_Your objective_.
Starting with the line that holds "That's all for" and stopping after the line that holds "Stability control, traction", repeat the lines below word for word, without the pictures.

(Input data begins)

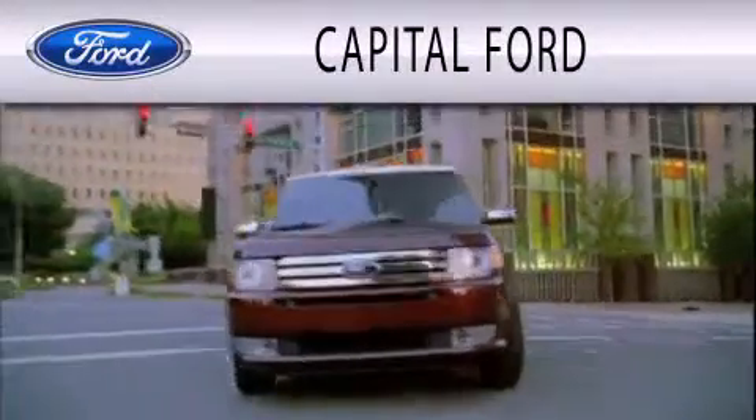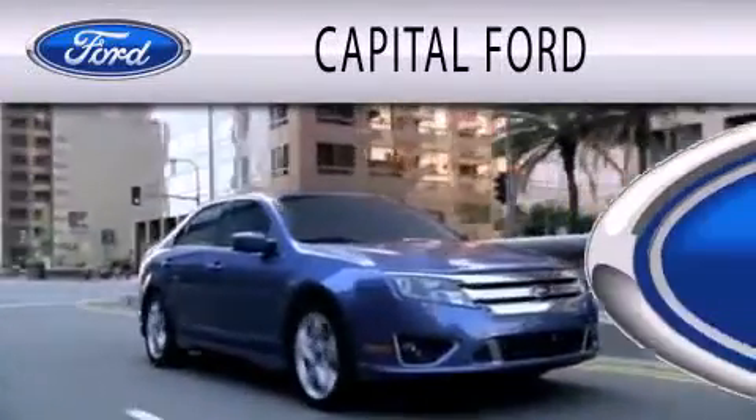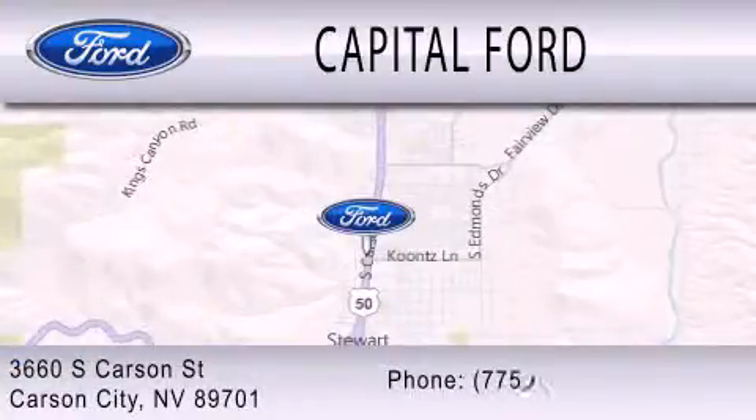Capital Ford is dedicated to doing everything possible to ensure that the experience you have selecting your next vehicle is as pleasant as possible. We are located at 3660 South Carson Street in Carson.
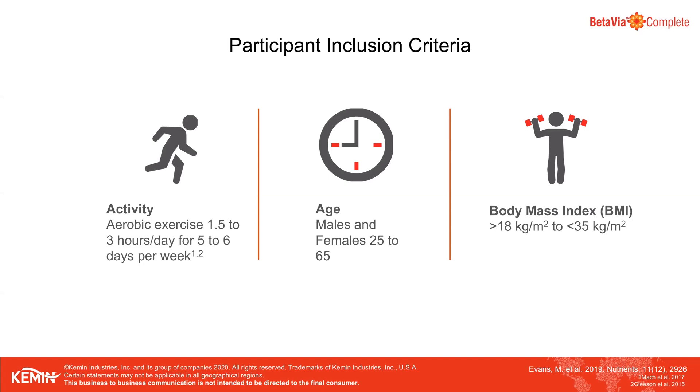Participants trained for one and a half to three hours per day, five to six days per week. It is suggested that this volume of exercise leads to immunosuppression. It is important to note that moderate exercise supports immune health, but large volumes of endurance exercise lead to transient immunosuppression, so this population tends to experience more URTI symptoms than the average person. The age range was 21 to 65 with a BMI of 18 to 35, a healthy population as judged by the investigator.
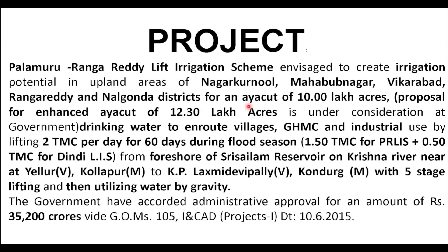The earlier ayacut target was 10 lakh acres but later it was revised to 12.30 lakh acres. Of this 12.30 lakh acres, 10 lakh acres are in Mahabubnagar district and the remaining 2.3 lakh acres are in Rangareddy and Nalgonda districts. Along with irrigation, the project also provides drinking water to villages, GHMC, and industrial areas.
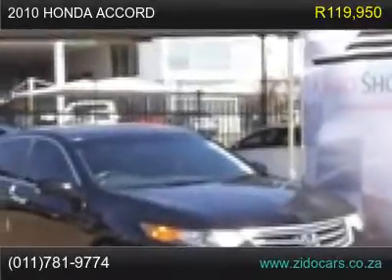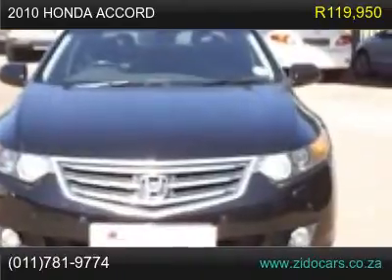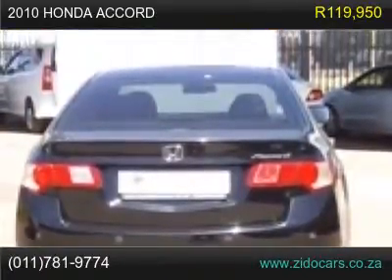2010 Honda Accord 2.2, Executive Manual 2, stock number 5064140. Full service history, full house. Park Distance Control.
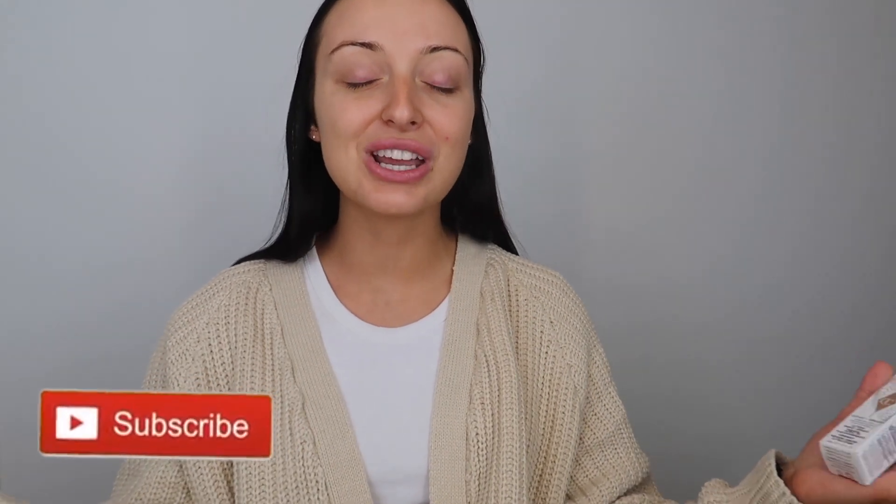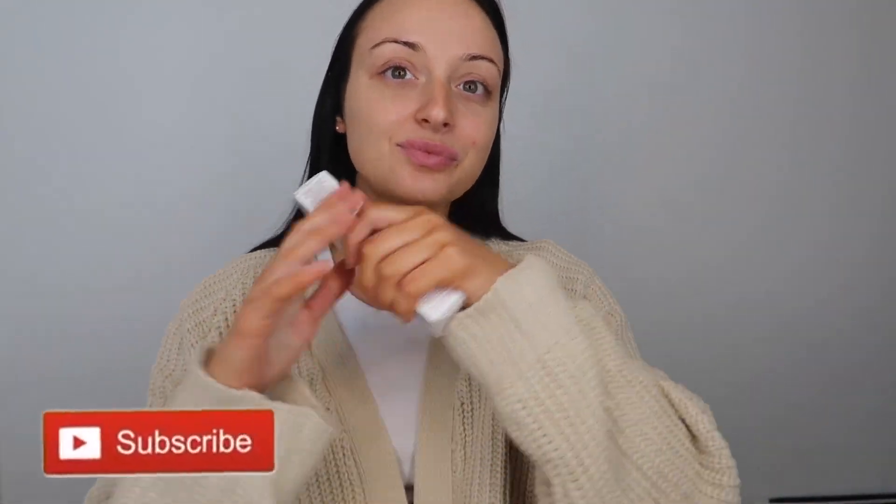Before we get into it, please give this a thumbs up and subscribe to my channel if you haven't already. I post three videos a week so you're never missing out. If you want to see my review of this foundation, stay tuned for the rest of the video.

(Input data ends)
(Input data begins)

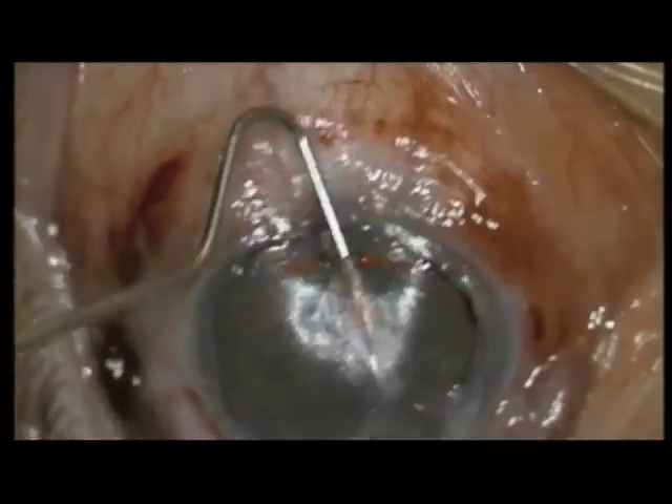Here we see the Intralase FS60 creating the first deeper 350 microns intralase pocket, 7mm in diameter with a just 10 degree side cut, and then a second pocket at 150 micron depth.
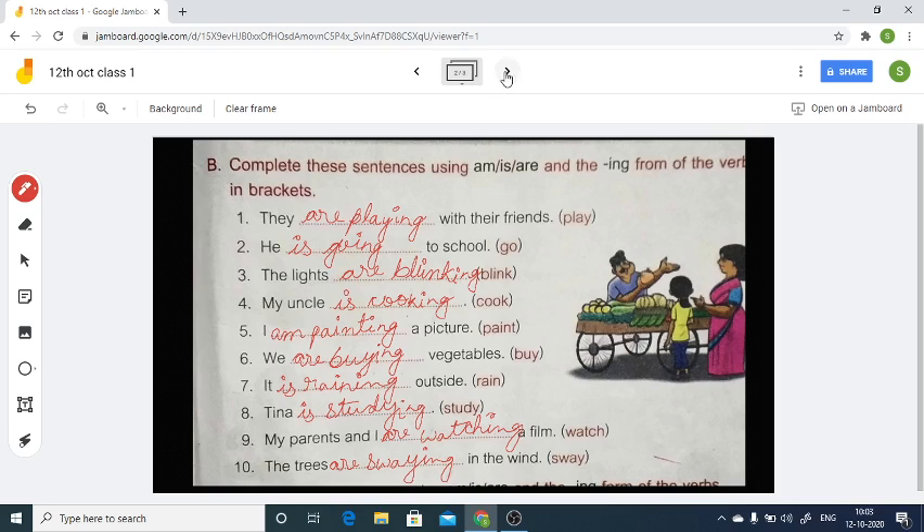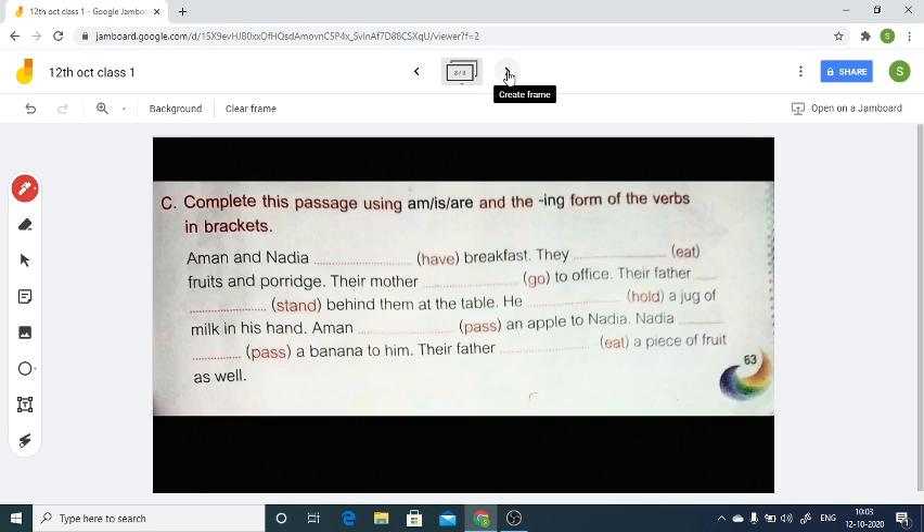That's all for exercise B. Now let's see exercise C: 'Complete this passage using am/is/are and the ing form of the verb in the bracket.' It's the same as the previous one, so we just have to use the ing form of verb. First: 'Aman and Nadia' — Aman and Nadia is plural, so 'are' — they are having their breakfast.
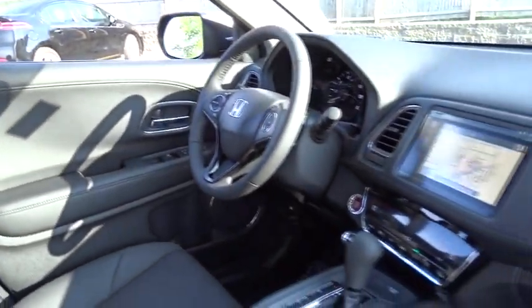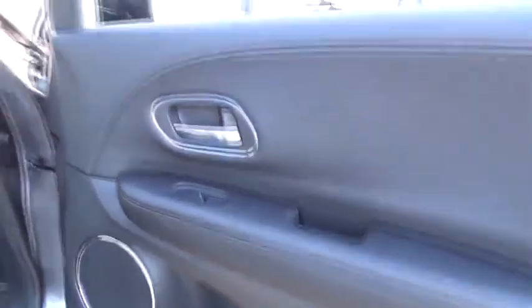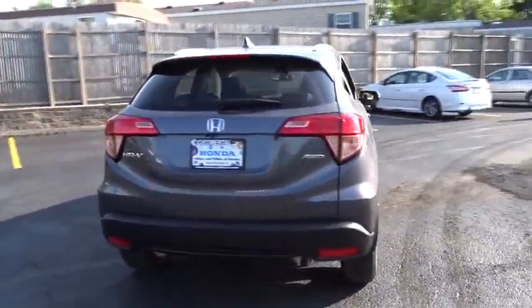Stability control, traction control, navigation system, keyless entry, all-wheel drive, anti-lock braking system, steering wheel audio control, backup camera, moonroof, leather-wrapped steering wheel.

(Input data ends)

_Completed exercise_.
That's all for exercise B. Now let's see exercise C: 'Complete this passage using am/is/are and the ing form of the verb in the bracket.' It's the same as the previous one, so we just have to use the ing form of verb. First: 'Aman and Nadia' — Aman and Nadia is plural, so 'are' — they are having their breakfast.
Stability control, traction control, navigation system, keyless entry, all-wheel drive, anti-lock braking system, steering wheel audio control, backup camera, moonroof, leather-wrapped steering wheel.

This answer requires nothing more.